** Exercise objective **
Set out exactly every line of the entries below, starting at the line that holds "Wholesale Pet Beds" and stopping after the line that holds "Antonelli e Valentino".

Top of Extracted entries

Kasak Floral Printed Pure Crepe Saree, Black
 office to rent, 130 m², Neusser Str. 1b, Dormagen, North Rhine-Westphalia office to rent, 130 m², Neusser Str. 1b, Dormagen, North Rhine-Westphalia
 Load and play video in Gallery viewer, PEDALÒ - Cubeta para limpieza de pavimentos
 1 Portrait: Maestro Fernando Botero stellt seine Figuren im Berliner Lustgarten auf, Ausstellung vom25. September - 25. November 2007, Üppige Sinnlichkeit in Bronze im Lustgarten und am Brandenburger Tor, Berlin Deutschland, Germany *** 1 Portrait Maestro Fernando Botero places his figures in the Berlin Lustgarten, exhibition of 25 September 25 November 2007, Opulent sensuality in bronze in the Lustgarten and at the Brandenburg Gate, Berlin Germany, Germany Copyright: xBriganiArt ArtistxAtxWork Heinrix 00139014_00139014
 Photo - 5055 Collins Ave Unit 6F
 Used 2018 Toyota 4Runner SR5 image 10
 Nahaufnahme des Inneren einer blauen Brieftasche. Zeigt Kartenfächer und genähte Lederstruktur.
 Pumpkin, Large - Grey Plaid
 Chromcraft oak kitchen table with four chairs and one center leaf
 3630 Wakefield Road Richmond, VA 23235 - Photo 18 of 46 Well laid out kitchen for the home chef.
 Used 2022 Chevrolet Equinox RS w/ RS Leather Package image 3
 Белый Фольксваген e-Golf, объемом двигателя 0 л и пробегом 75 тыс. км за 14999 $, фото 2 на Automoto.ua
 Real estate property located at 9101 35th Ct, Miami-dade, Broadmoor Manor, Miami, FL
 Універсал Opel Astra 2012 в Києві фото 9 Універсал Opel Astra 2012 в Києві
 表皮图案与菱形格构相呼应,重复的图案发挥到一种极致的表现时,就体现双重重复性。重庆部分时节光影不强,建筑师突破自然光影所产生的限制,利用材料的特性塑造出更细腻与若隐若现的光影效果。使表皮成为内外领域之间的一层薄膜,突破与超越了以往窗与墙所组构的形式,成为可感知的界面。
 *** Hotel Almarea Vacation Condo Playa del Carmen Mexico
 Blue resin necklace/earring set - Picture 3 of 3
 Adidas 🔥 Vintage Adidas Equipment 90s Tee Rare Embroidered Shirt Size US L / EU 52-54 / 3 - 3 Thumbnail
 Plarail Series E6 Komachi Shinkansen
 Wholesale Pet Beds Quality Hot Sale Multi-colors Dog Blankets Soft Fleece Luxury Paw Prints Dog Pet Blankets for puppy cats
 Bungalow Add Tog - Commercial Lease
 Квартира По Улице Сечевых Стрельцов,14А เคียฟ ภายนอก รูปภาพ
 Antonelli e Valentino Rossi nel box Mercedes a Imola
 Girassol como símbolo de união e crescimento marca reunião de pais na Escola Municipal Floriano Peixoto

Bottom of Extracted entries

** Task answer **
 Wholesale Pet Beds Quality Hot Sale Multi-colors Dog Blankets Soft Fleece Luxury Paw Prints Dog Pet Blankets for puppy cats
 Bungalow Add Tog - Commercial Lease
 Квартира По Улице Сечевых Стрельцов,14А เคียฟ ภายนอก รูปภาพ
 Antonelli e Valentino Rossi nel box Mercedes a Imola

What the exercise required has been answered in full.